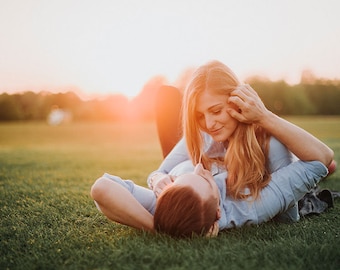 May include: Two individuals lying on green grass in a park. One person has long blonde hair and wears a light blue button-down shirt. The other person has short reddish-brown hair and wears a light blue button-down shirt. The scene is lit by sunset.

——————

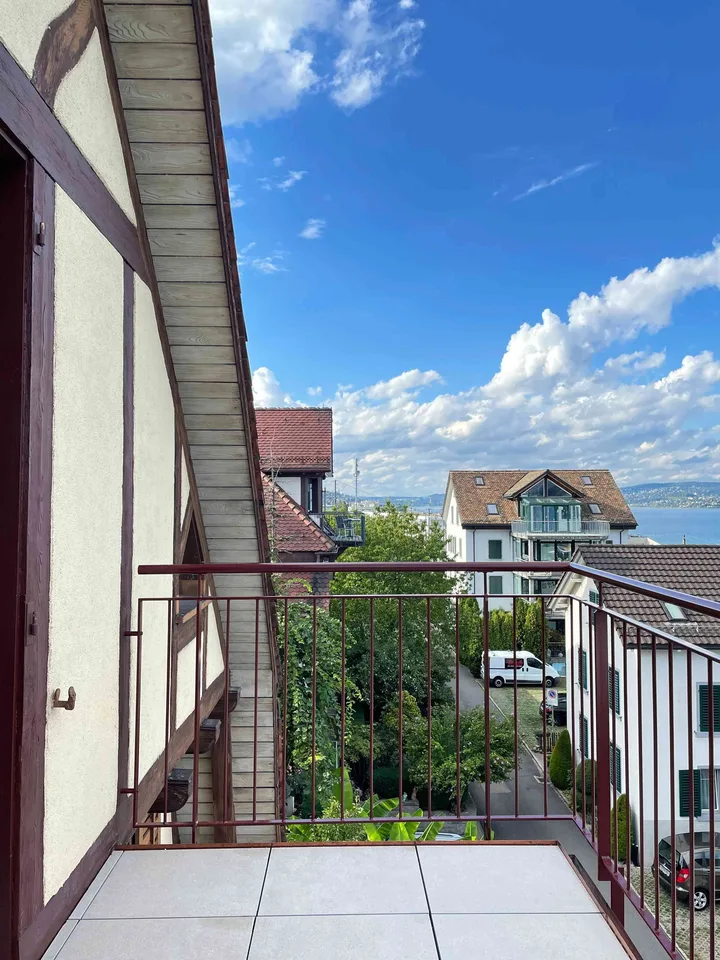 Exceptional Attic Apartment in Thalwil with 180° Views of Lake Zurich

——————

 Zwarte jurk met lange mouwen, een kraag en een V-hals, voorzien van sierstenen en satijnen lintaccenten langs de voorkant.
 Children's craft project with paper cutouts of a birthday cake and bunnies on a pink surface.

——————

**Instructions for the task:** From the material above, set down exactly the lines between the line holding "Zwarte jurk met" and the line holding "Children's craft project", inclusive. Include nothing else.

**Answer section:**
 Zwarte jurk met lange mouwen, een kraag en een V-hals, voorzien van sierstenen en satijnen lintaccenten langs de voorkant.
 Children's craft project with paper cutouts of a birthday cake and bunnies on a pink surface.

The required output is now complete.